After moving to Poland, Wedel opened a confectioner’s shop and a craft workshop at Miodowa Street in Warsaw. He and his wife Karolina served drinking chocolate, sweet delicacies, as well as pharmaceutical products: malt syrup, cough caramels and peppermint pastilles. Their shop quickly gained popularity, as the local community was eager to taste new and appealing flavors. Day by day the shop became more popular, subsequently choosing to expand the manufacturing of quality chocolate. Karol Wedel excelled at making chocolates, which was a rare talent in Poland. He has brought the know-how from Germany and recognized that it was an opportunity to start a successful business.

In 1841 Karolina Wedel gave birth to Emil. Growing up, Emil worked in the shop and eventually left Warsaw to travel to Western Europe. He learned and gained experience in various factories to prepare himself to finally inherit his father’s business. Having practiced in the confectionery art in Paris for two years and run his father’s company since 1865, Emil received the Wedel company as a wedding gift from his parents in 1871.
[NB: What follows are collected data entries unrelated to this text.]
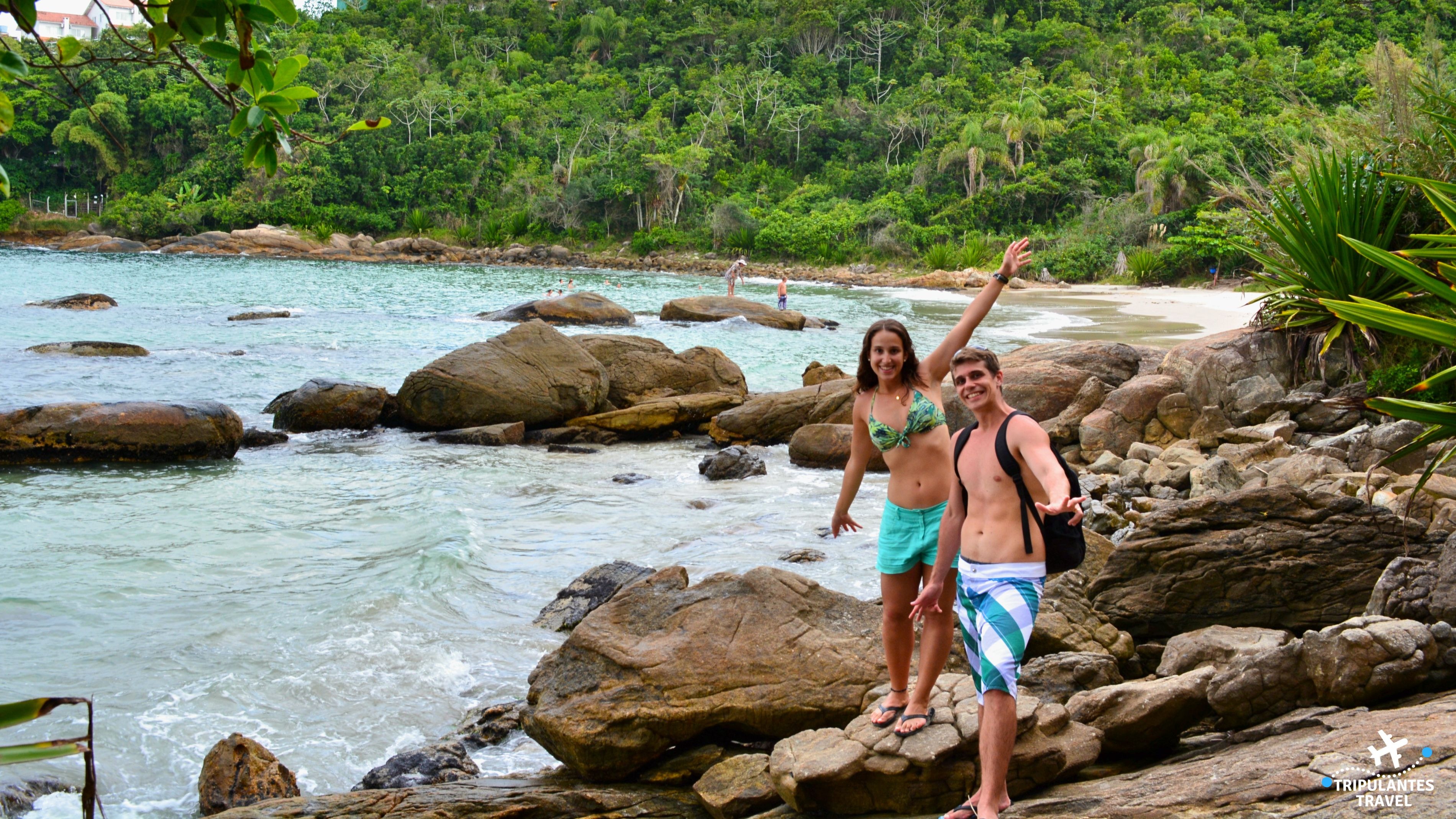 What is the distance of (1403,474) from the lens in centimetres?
726

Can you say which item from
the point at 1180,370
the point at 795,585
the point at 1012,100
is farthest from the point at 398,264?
the point at 795,585

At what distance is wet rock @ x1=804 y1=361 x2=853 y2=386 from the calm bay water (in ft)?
8.12

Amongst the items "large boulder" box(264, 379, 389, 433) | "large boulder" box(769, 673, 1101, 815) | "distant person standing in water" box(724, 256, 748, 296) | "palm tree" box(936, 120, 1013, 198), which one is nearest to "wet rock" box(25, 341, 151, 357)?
"large boulder" box(264, 379, 389, 433)

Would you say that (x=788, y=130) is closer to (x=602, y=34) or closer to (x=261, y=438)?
(x=602, y=34)

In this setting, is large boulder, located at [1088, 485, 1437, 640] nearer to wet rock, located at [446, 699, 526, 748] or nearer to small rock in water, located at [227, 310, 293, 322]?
wet rock, located at [446, 699, 526, 748]

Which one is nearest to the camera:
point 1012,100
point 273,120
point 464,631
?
point 273,120

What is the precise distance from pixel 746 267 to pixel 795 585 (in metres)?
55.4

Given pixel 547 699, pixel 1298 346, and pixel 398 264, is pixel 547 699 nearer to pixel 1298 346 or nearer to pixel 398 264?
pixel 1298 346

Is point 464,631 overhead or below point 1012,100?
below

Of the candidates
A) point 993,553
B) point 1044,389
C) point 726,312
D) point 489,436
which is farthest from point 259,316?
point 993,553

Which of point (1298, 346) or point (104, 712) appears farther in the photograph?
point (1298, 346)

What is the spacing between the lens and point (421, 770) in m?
4.86

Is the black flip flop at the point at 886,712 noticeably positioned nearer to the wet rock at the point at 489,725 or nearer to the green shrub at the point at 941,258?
the wet rock at the point at 489,725

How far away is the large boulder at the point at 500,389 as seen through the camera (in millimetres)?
14289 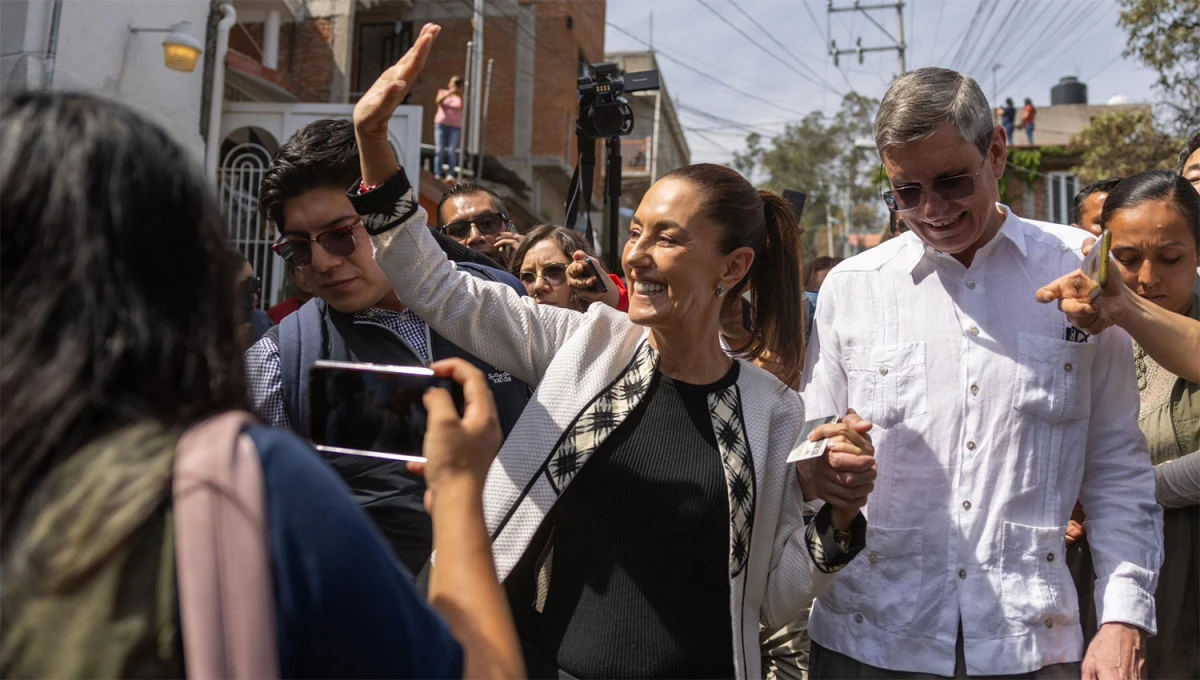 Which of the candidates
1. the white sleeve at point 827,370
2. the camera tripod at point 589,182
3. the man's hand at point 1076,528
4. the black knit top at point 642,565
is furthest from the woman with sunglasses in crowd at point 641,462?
the camera tripod at point 589,182

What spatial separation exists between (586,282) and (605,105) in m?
1.20

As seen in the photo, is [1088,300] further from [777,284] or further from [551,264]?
[551,264]

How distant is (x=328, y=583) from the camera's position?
3.33 ft

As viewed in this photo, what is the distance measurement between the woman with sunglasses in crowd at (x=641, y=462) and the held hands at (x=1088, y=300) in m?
0.51

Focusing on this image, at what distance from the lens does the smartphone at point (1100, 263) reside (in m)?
2.10

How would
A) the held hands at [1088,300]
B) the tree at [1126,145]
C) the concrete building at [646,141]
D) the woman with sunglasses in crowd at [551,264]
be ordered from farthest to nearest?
the concrete building at [646,141]
the tree at [1126,145]
the woman with sunglasses in crowd at [551,264]
the held hands at [1088,300]

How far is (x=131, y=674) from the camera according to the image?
38.4 inches

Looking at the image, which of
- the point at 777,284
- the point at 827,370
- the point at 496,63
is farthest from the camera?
the point at 496,63

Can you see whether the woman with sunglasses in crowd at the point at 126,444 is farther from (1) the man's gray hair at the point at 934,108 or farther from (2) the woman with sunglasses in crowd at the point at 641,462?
(1) the man's gray hair at the point at 934,108

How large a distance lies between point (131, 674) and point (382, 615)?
0.80 feet

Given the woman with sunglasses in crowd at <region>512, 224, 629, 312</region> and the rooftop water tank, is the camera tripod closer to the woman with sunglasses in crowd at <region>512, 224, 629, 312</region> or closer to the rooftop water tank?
the woman with sunglasses in crowd at <region>512, 224, 629, 312</region>

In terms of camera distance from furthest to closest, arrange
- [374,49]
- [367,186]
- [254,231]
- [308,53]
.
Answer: [374,49], [308,53], [254,231], [367,186]

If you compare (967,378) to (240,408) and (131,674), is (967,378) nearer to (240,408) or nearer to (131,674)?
(240,408)

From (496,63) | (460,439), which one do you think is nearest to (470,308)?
(460,439) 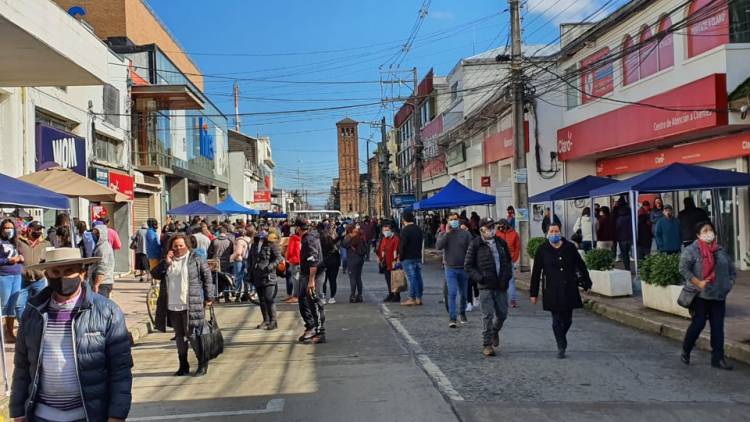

Immediately after receiving the company Emil moved the factory to a tenement at Szpitalna Street in Warsaw, where a brand shop and an E.Wedel Chocolate Café ”Staroświecki Sklep” (Old-fashioned Shop) are still located to this day. Emil Wedel passed away in 1919, however his descendant Jan Wedel continued to run the business and he was the last member of the Wedel family to own the company.  In 1934, during the time of the Great Depression, Jan Wedel opened a second factory in Praga, one of the most modern in the Second Polish Republic. The company was one of the first in Europe to introduce generous social welfare policies and to have its own creche, kindergarten, hospital and cafeteria. On top of that the management rewarded its best employees with no-interest housing loans. The company managed to continue business during the first few years of the war; it also started producing essential food such as bread for the starving and was the place of the underground schools. Even though the Wedel family had German roots, they refused to collaborate with the invaders. Their stance brought about the persecution of their employees by the Nazis. During the Warsaw Uprising the company along with most other buildings in Warsaw were destroyed. Wedel rebuilt it but soon after the communist government nationalized the company. Unfortunately, after it was privatized in 1989 the firm was never returned to the Wedel family. About 10% of the products are exported, primarily to the United Kingdom, the United States and Canada.

The flagship products, which are mandatory to sample for those visiting Poland date back to the very beginning of Karol Wedel’s sweet shop; Ptasie Mleczko (Bird’s Milk) and Wedel Cake. It is said that there isn’t a Pole who has never tried or at least heard of them. These traditional recipes date back to the 1930s.